* [ABOUT THIS TASK]
Copy the entries below exactly. Images do not belong in the copy.

* [RECORDED INFORMATION]
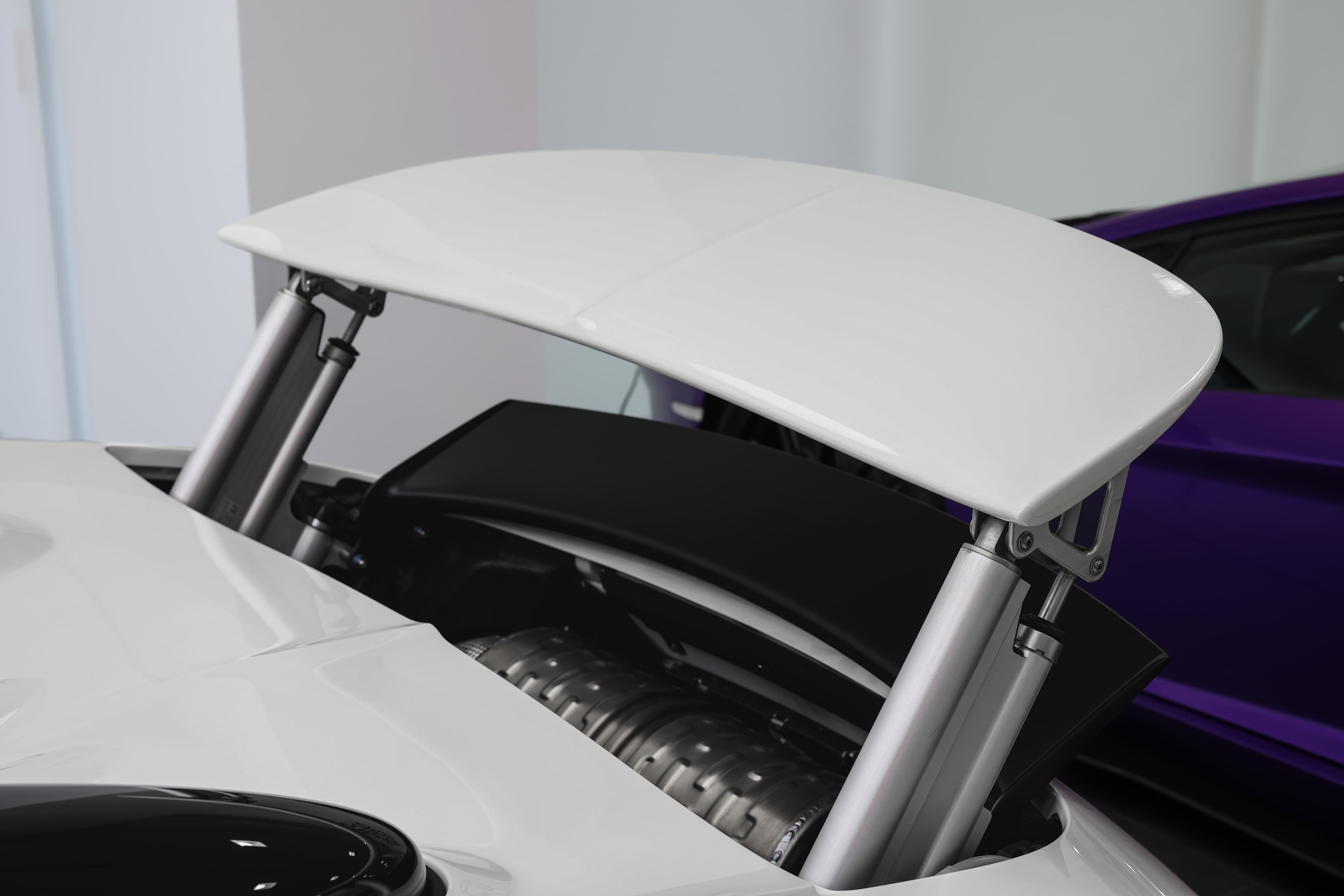 Aileron déployé de la Bugatti Veyron Gran Sport, performance aérodynamique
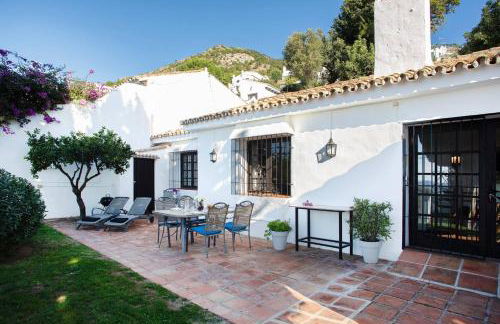 Beautiful house with garden & views in Mijas - Photo 1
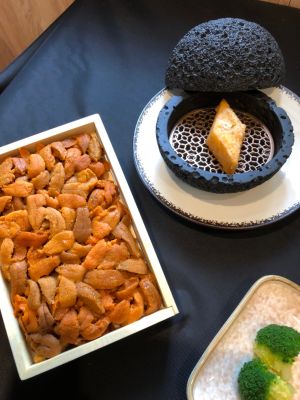 疫情趨緩搶商機 「祥戎華」經典名菜變身創意料理上桌 ▲「祥戎華」經典名菜變身創意料理,圖為「海膽糕渣」,採用頂級海膽製做,做工繁複,口感軟嫩。(圖/業者提供)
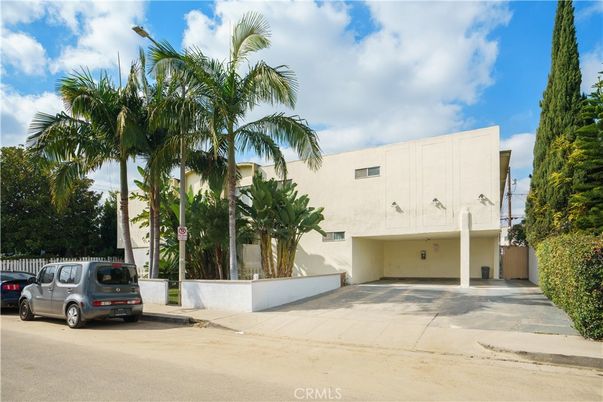 Exterior, Facade, Modern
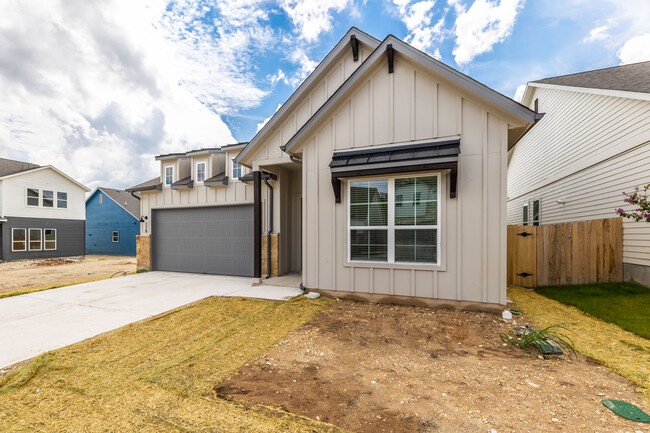 Building Photo - 178 Brooks Ranch Rd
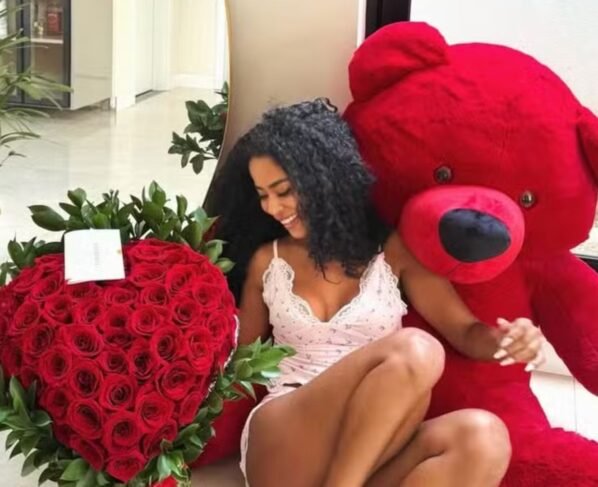 Lorena Maria ganha buquê gigante e ursinho e faz mistério sobre remetente - Reprodução/Instagram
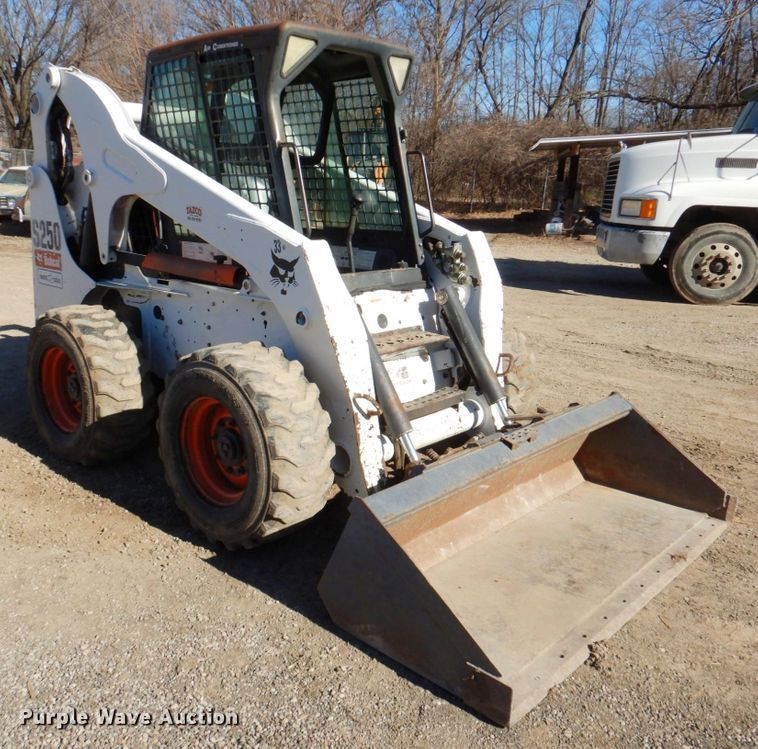 image for item DN1270 2006 Bobcat S250  skid steer loader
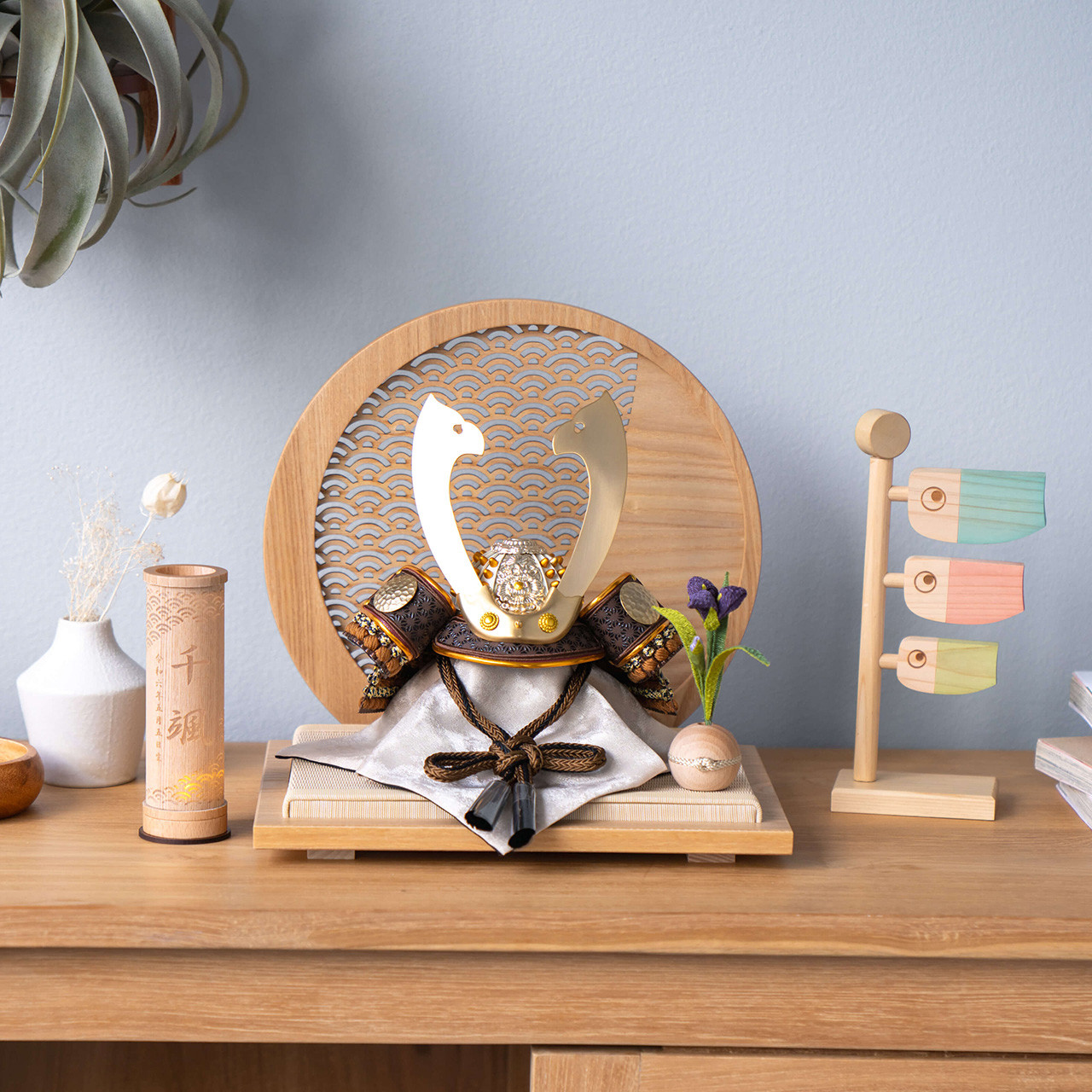 ことの兜（5TA-0830）（たつき）青海波　円形衝立｜コンパクトな五月人形｜節句兜｜コンパクト｜おしゃれ｜インテリア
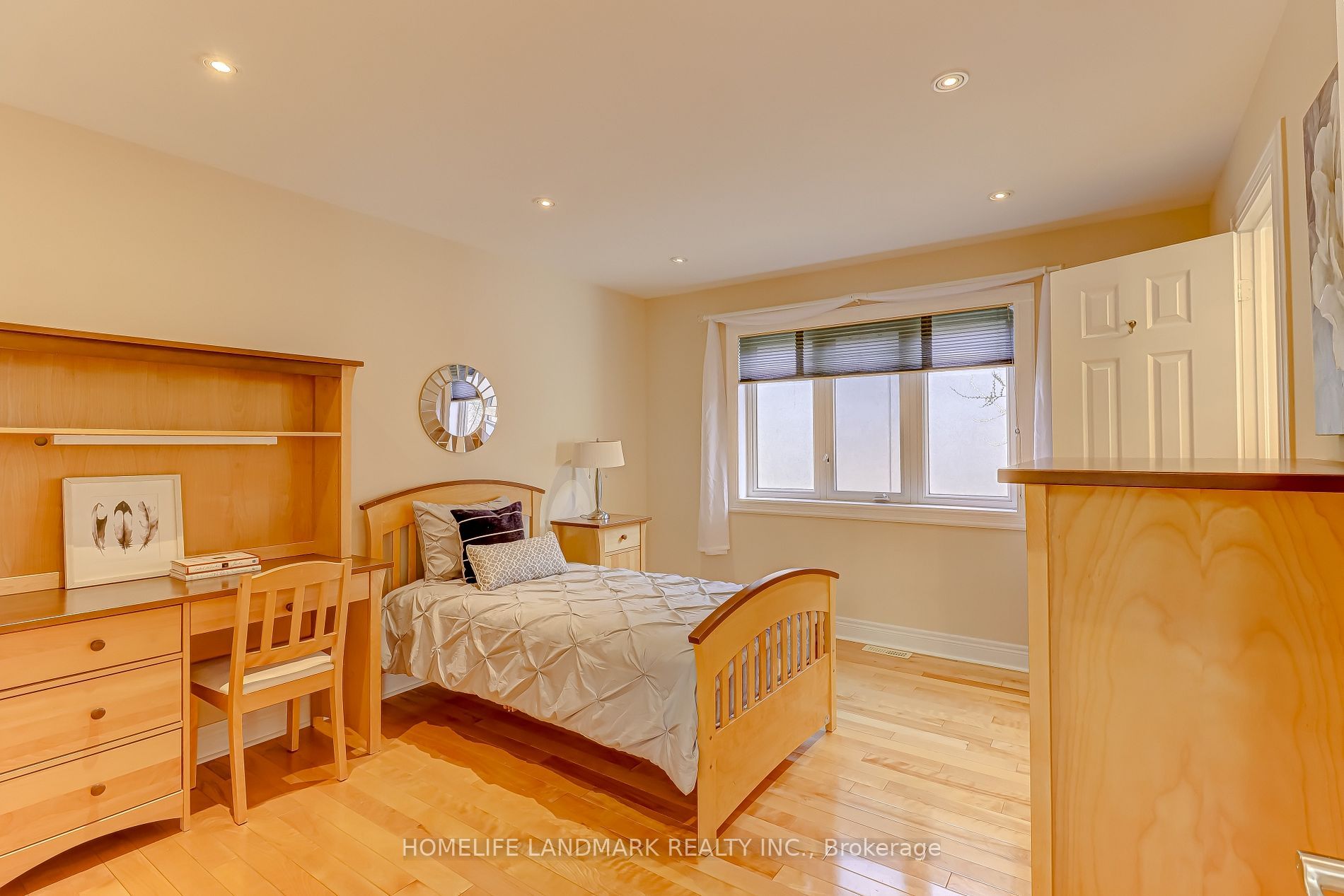 217 Wilfred Ave · Photo 21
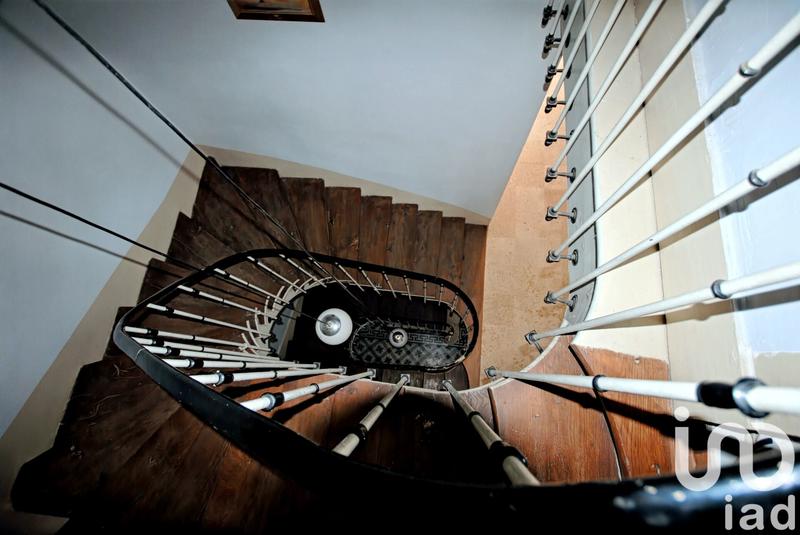 Maison - 435 m² - 15 pièces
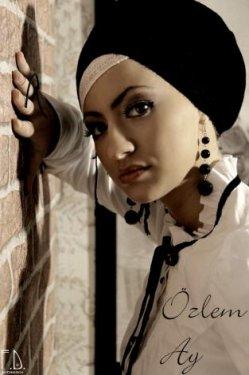 Türbanlı popçu Özlem Ay 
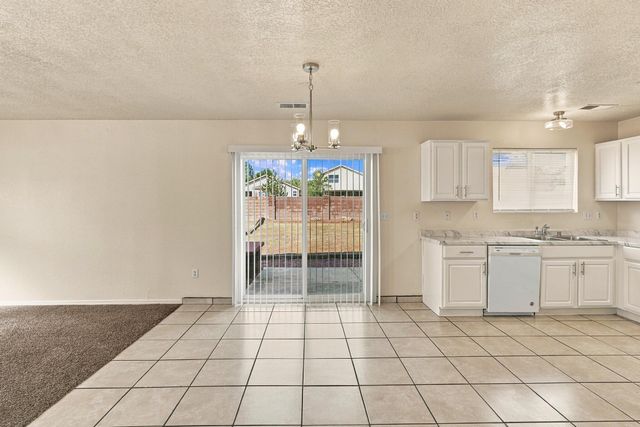 3541 Lavender Meadows Drive NE, Rio Rancho, NM 87144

* [SOLUTION TO THIS EXERCISE]
 Aileron déployé de la Bugatti Veyron Gran Sport, performance aérodynamique
 Beautiful house with garden & views in Mijas - Photo 1
 疫情趨緩搶商機 「祥戎華」經典名菜變身創意料理上桌 ▲「祥戎華」經典名菜變身創意料理,圖為「海膽糕渣」,採用頂級海膽製做,做工繁複,口感軟嫩。(圖/業者提供)
 Exterior, Facade, Modern
 Building Photo - 178 Brooks Ranch Rd
 Lorena Maria ganha buquê gigante e ursinho e faz mistério sobre remetente - Reprodução/Instagram
 image for item DN1270 2006 Bobcat S250  skid steer loader
 ことの兜（5TA-0830）（たつき）青海波　円形衝立｜コンパクトな五月人形｜節句兜｜コンパクト｜おしゃれ｜インテリア
 217 Wilfred Ave · Photo 21
 Maison - 435 m² - 15 pièces
 Türbanlı popçu Özlem Ay 
 3541 Lavender Meadows Drive NE, Rio Rancho, NM 87144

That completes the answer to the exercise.